We had contacted several plumbers through Angie’s List, as helpless liberals do, but there was a bit of a log jam in the area and we didn’t want to pay emergency premiums. We were so desperate that I even inquired into plumbers with a ‘B’ rating. I know. I know. Perish the thought! But still, no one had availability. So we put ourselves on several cancellation lists and decided to wait. I’ve replaced several valves in my life and I have all the tools, and I mean all of them. Torches and solder and pipe benders and different sized copper cutters and every kind of tape and putty. But I fucking hate plumbing. I hate it and I suck at it and it takes me three times as long to do anything. Plus I was out of MAPP gas for my torch and all I had was propane and I can never seem to get the copper the right level of hotness to get a nice fillet of solder where it should be. Then I spend hours and hours plumbing when I should be doing just about anything else. Lady C and I made an agreement in our New Years 2016 planning session that I’d only plumb if I absolutely had to.

So anyway, Ray says: “Why didn’t you just come over and knock on my door?”

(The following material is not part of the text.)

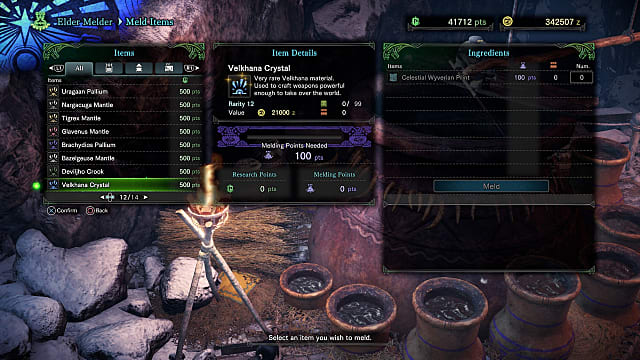 Monster Hunter World Iceborne  How to Get Celestial Wyverian Prints - 69
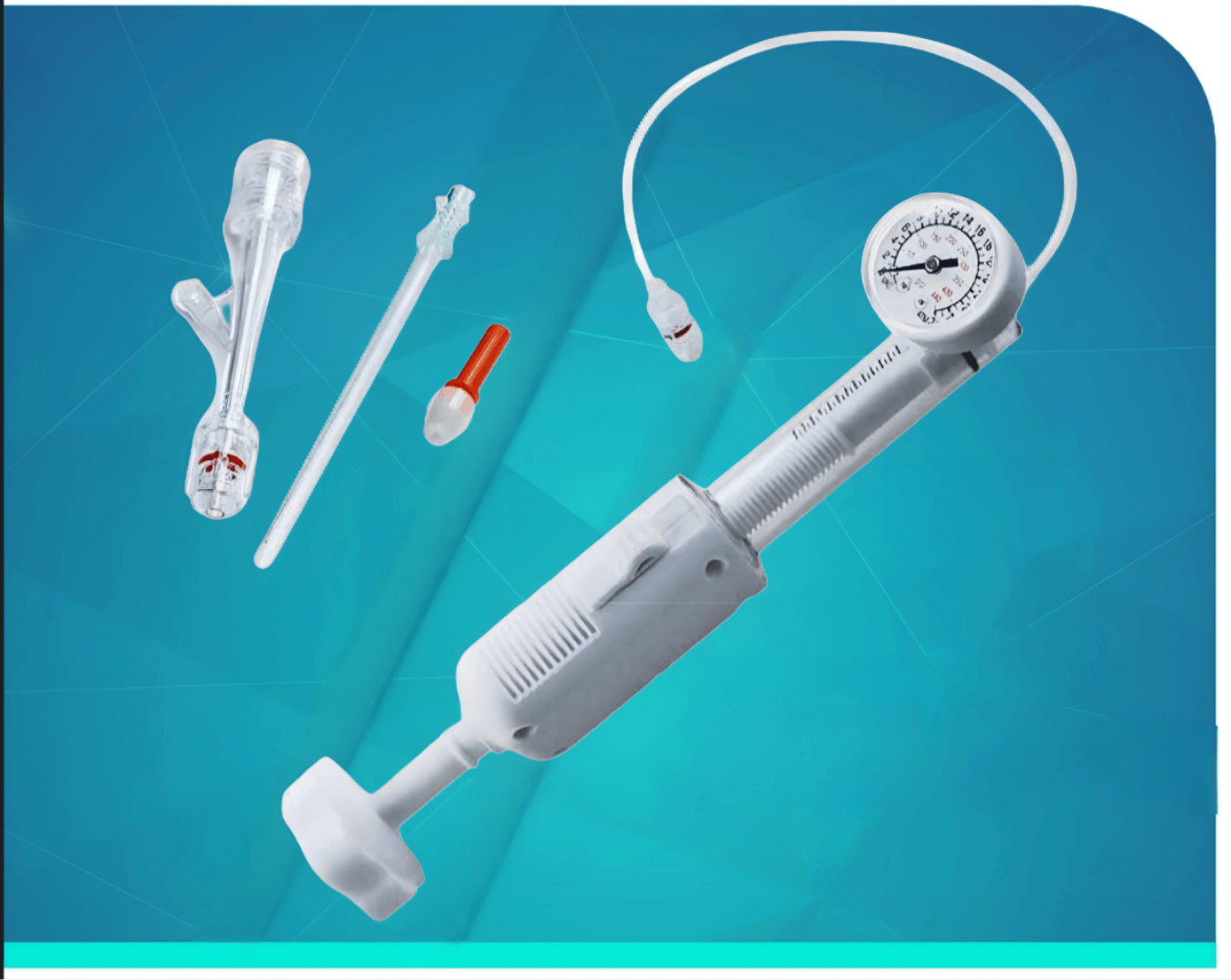 Inflation Devices Kit - 8group.kz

And I say “Because I was worried you’d be inside doing this.” And I raise my hand like a Nazi and start goose-stepping. My kids are looking at me wide-eyed. I start singing Deutschland Deutschland Über Alles and stepping around my front yard. Lady C opens the front door to tell me something, sees what I’m doing and shakes her head and goes back inside. Ray tries to wave to her but she’s gone.

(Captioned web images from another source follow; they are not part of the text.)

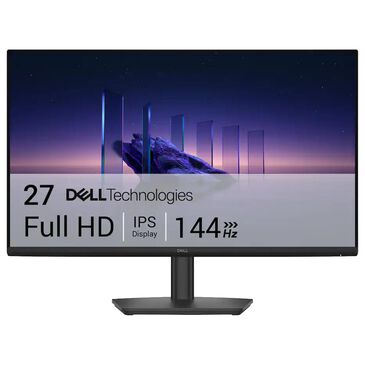 Dell Technologies Dell 27" Class Full HD IPS LCD 144Hz FreeSync Height Adjustable Monitor - Black, , large
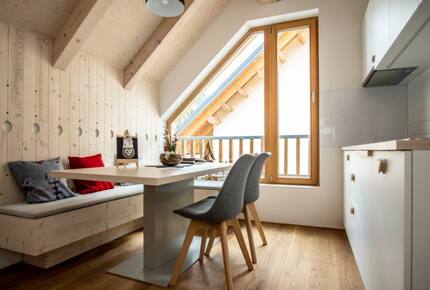 Mountain Apartment in the Heart of Kranjska Gora - Podbreg, Slovenia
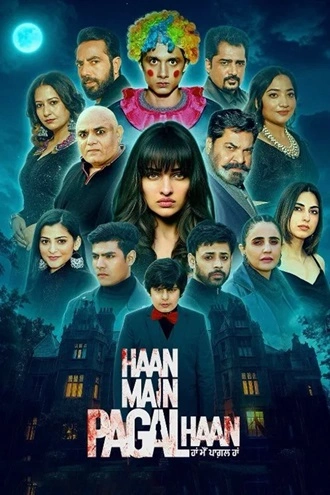 Download Haan Main Pagal Haan | 2025 | Punjabi DD2.0 | WEB-DL | Full Movie 480p 720p 1080p
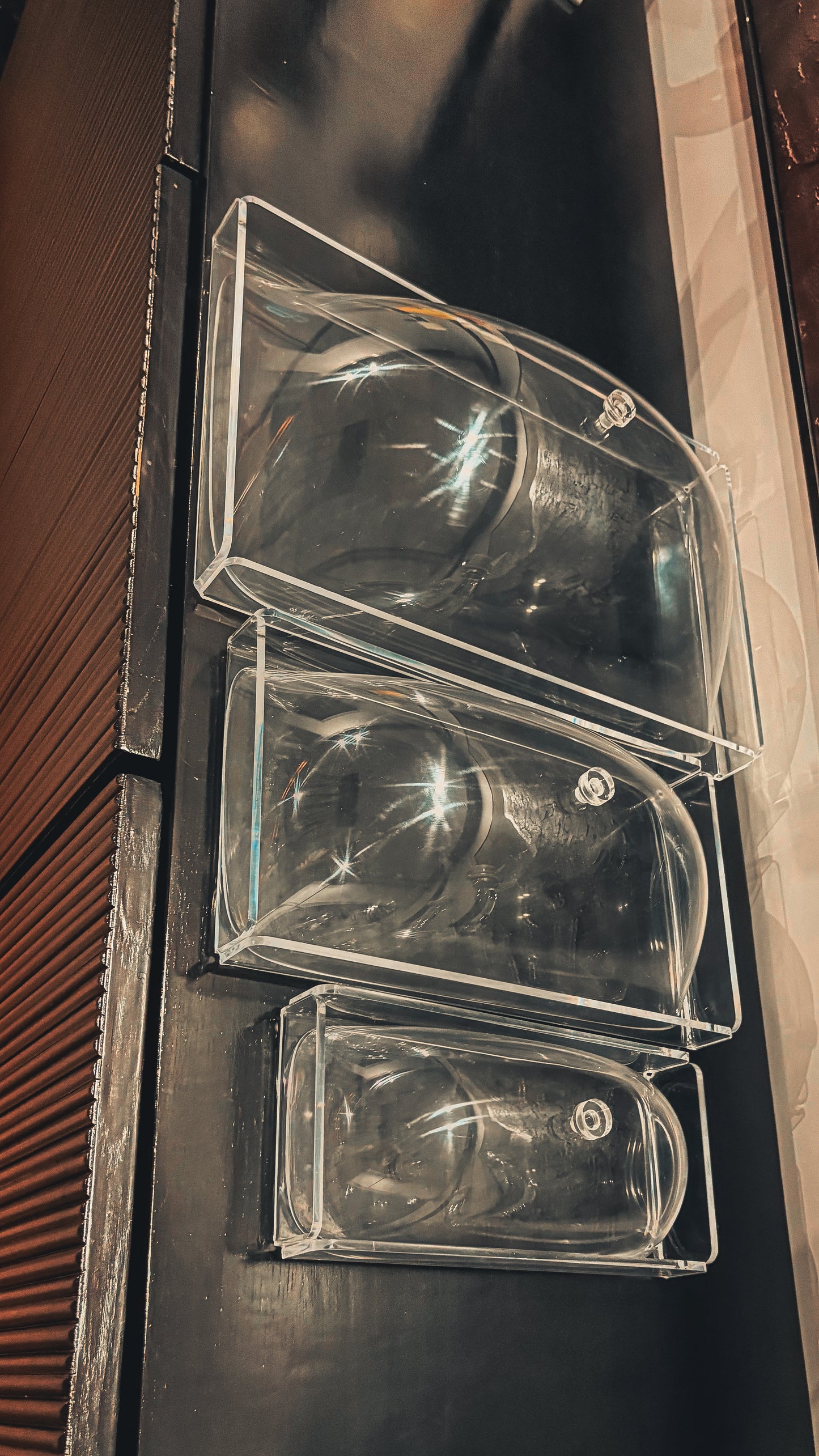 Acrylic Flow Set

Finally I stop and stare at Ray.

“What’s that, like Hitler stuff?” He asks. “I ain’t a Nazi, guy! I’m American. Pure blooded 100% prime beef red-blooded American!” He says, patting his chest.

“Amurican!” Says my son.

“‘Murica!” Yells my daughter.

“That’s right!” Says Ray. “Y’know? Like Don’t Tread On Me and Shit?”

My kids start cackling. My son asks me to make him that t-shirt in the Pajiba Store. Ray laughs. “They’re like little friggin’ clones of you. Look at ‘em! God help us all. I’ll be right back.”


He comes back with all of his plumbing stuff and spends two hours fixing my shower valve. It’s a particularly shitty job because the house is an old cottage and nothing is to code and he has to cut out a square of sheetrock just to get access and it’s generally a nightmare for him. I shudder to think how long it would have taken me. Months, maybe. But he does it and doesn’t complain and he plays classic rock the whole time out of respect to Lady C, whom he has a huge crush on.

“How’d you land a girl like that?” He often asks me. “She’s like the catch of the century. Classy. I wish I could have a classy girl like that. I’d vote democrat every day for the rest of my life if I could get a girl like that.”

“Vote democrat first and you’ll increase your chances exponentially.” I advise him.

“Fuckin A. I might.” He thinks.

Ray finishes up and when I go to pay him he refuses. That’s why I didn’t knock on his door in the first place. Because I knew he wouldn’t take any money. He has always been appreciative of me giving him that jumpstart via the internet when I had just met him and he was out on his own as a plumber for the first time. He’d never take a dime from me.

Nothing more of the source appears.